Pour constituer leurs dossiers, les concernés devront fournir plusieurs documents : l’original du titre foncier accompagné d’une copie, une procuration notariée en cas de représentation, le numéro d’identification fiscale pour les personnes morales, ainsi qu’une copie de la carte nationale d’identité ou du passeport.
Sur le terrain, cette décision suscite de vives réactions. Plusieurs propriétaires dénoncent des redevances jugées excessives, évoquant même un double paiement pour des titres déjà acquis. Ils critiquent également un délai trop court pour se conformer à la mesure, dans un contexte économique difficile.
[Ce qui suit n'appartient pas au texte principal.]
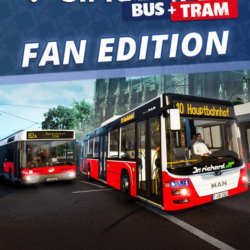 City Transport Simulator: Bus - Fan Edition Xbox – Purchase for Your Account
Des témoignages qui illustrent le malaise
Jean N., propriétaire d’une maison dans la zone Gihosha, ne cache pas son incompréhension : « J’ai déjà payé pour mon titre foncier il y a quelques années. Aujourd’hui, on me demande encore de payer une somme importante pour le sécuriser. C’est comme si on payait deux fois pour la même chose. »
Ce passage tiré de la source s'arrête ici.